What you are asked to do
Transcribe only what runs from the line containing "Экран фронтальный /" through the final line below, exactly, and leave every picture out.

Records to use section start

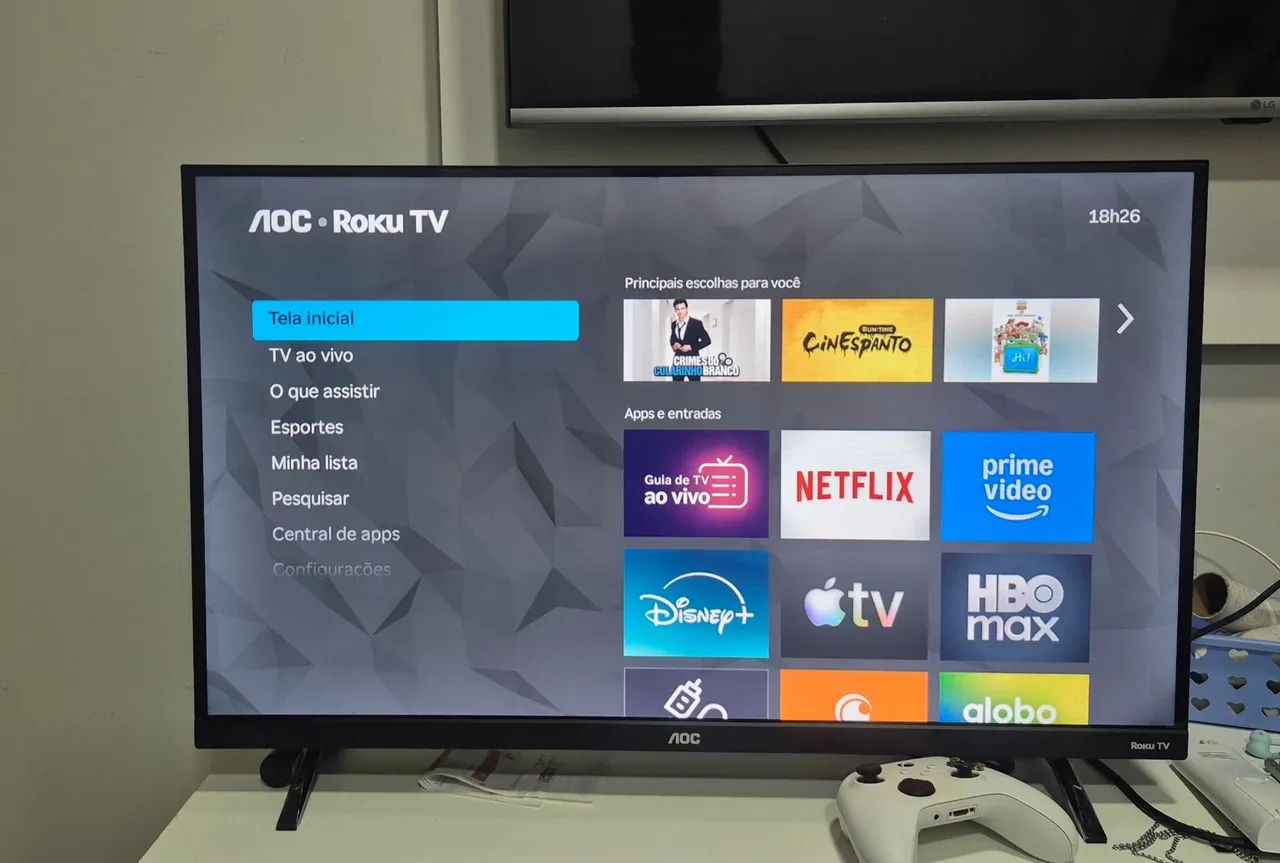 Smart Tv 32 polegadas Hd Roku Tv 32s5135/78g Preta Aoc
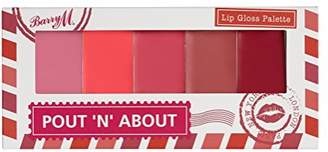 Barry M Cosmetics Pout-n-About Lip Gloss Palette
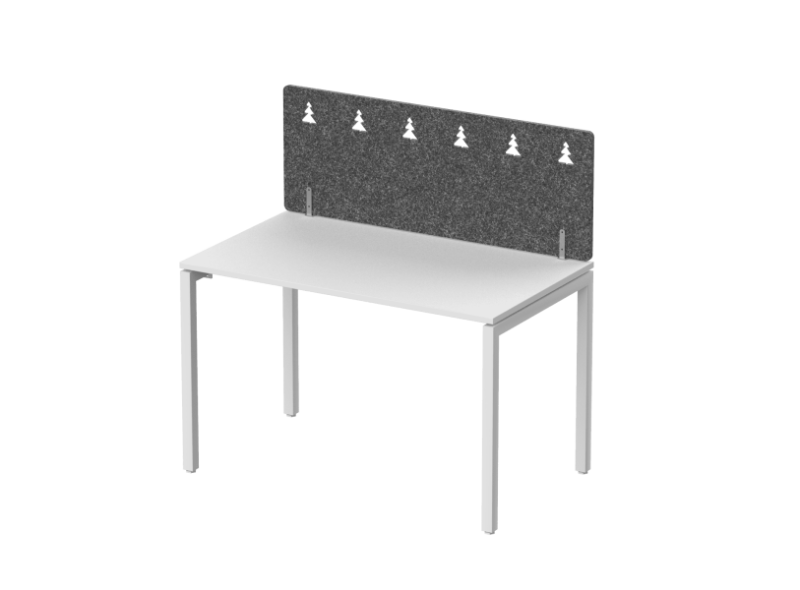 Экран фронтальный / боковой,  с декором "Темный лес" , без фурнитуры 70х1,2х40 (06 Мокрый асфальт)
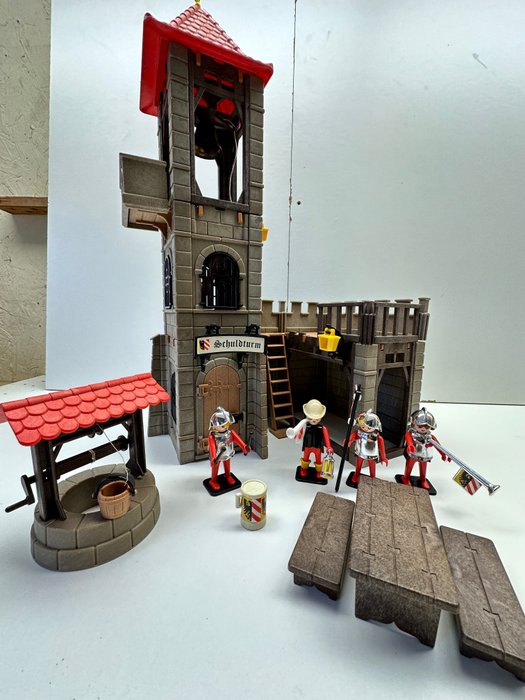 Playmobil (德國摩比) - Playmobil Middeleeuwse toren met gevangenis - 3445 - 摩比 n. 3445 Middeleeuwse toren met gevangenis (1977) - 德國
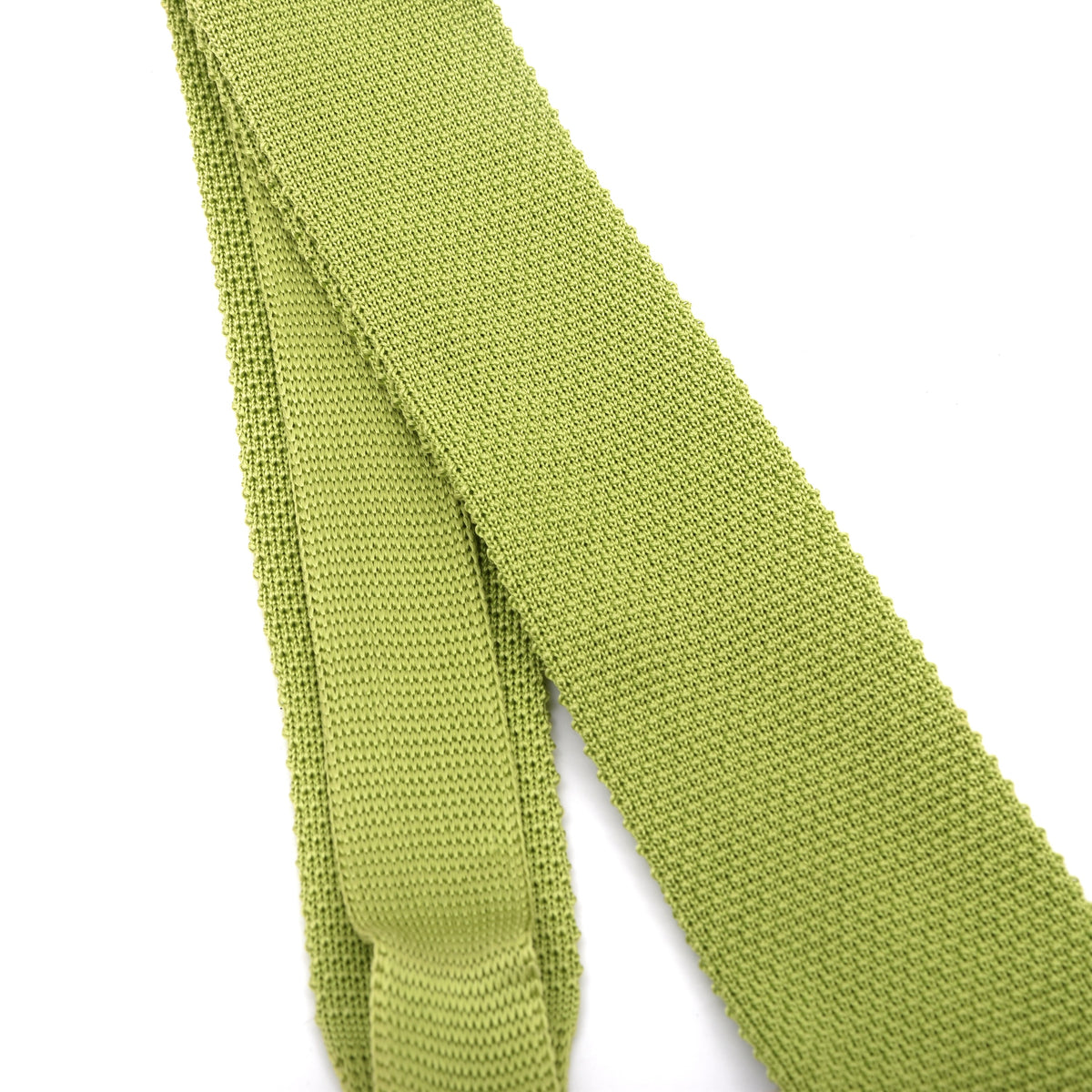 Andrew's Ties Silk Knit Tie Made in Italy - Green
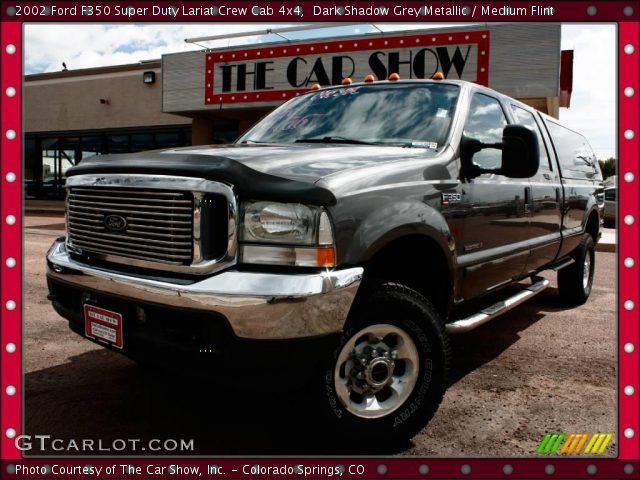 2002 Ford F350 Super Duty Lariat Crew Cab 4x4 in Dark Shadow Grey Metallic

Records to use section end

Solution to this problem
 Экран фронтальный / боковой,  с декором "Темный лес" , без фурнитуры 70х1,2х40 (06 Мокрый асфальт)
 Playmobil (德國摩比) - Playmobil Middeleeuwse toren met gevangenis - 3445 - 摩比 n. 3445 Middeleeuwse toren met gevangenis (1977) - 德國
 Andrew's Ties Silk Knit Tie Made in Italy - Green
 2002 Ford F350 Super Duty Lariat Crew Cab 4x4 in Dark Shadow Grey Metallic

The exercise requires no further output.